Lines 92-93: "With a plane wave model, the wave telescope technique can be interpreted as a Fourier transform estimator". Capon describes his method as "... estimation of the frequency-wavenumber spectrum." Which is not the same as a Fourier transform of the signal. Particularly the output of the technique does not contain an estimation of the phase of the signal, only of the power, equations (6) and (7). This is ok, normally one is mainly interested in the power, not so much in the phases. But to me the statement "Fourier transform estimator" seems not accurate: the Fourier transform is used to derive the method, but a spatial DFT is then not explicitelyly performed in the algorithm?
Similarly, lines 409-411, "As the wave telescope acts as an estimator for a spatial Fourier transform in multiple dimensions, the results from this study can be directly transferred to different fields of research that are using multidimensional Fourier analysis or its estimators with irregular sampling points." I'm skeptical whether the wave telescope should be termed an "... estimator for a spatial Fourier transform ...". Replacing this by "... estimator of the wavenumber power spectrum ... " would be more accurate?

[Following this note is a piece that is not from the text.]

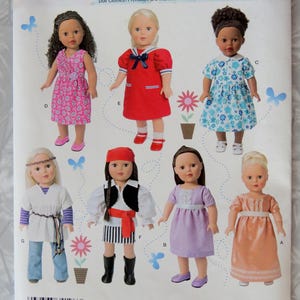 May include: Simplicity doll clothes pattern J0441. The pattern features various doll outfits, including dresses, a pirate costume, and a peasant outfit. The pattern is designed for 18-inch dolls (45.5 cm).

Lines 109-110: "... that is estimating the spectral power P (k) for any given frequency." --> perhaps clearer would be "... that is estimating the spectral power P (k) for a suitable range of wave vectors and at any given frequency."

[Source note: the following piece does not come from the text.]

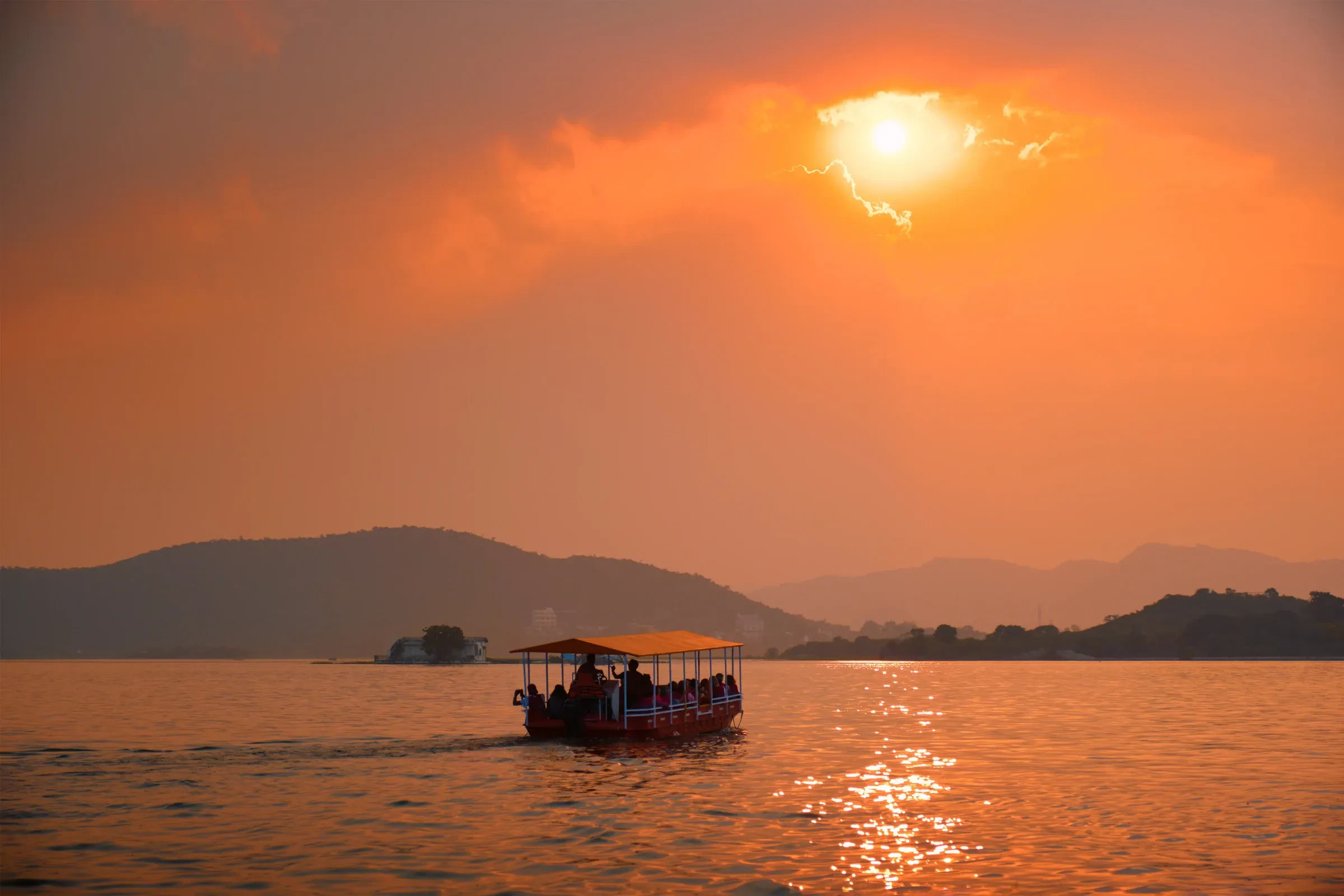 A covered boat on Lake Pichola under an orange sunset sky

Lines 125-127: "The wave telescope, however, estimates a spatial Fourier transform of the complex data set B(ω) (Eq. 1). Thus, the spatial power spectral density obtained is not symmetric around 0." The complex B(ω) does not seem to be the origin of the generally asymmetric spatial wave power spectrum? In equations (2) the data covariance matrix is an ensemble average of B(ω) B†(ω) which is real. To prepare the B measurements for equation (1) one could instead of a Fourier transform, for example, use a cosine transform or a real-valued Morlet wavelet transform which both would give real B(ω). I suspect that still the P(ω, k) came out asymmetric in k?
Figure 4 shows a symmetric spectrum over k, probably because the artificial signal has only a single component at k≈0. It might be illustrative to see also a spectrum with a component k away from 0. Probably it would be asymmetric.
Lines 128-129: "This periodic cell is spanned by a set of skewed linearly independent basis vectors ki." There are degenerate cases: For example, for m=2 three of the spacecraft could be on a single line. Then obviously the basis vectors ki are not linearly independent. Obviously such cases need to be excluded.
Line 133: "w. l. o. g." stands for "without loss of generality", as Google would reveal to the reader. But I would recommend to spell out the expression, which is not so common in a journal like EGUsphere.
Less cryptic would be something like "Here, the spacecraft translation vectors di are the difference between position vectors ri of spacecraft nr i and an arbitrarily chosen reference spacecraft 1 (i.e. the set of basis vectors ki is not unique):"
Section 3 The Nyquist Limit for Irregular Spaced Sampling Points 3.1 1D case
A relatively popular method to handle irregularly spaced sampling points is Lomb-Scargle. E.g. VanderPlas (2018) recently discussed the method in some detail. He describes an effective Nyquist limit which seems to be determined as in this manuscript for the 1d case. Eyer and Bartholdi (1999) are referenced as the original peer-reviewed article discussing the problem, which is earlier than Bretthorst (2001).
Figure 2 "The synthetic plane wave number used for modelling the artificial signal is k = 10^−10 km−1", also Figure 3 and lines 201-215. The wave length of the synthetic plane wave is really large. Why not just k=0 km^-1, i.e. spatially constant values? Is there any benefit from using a small but non-zero k instead of just k=0?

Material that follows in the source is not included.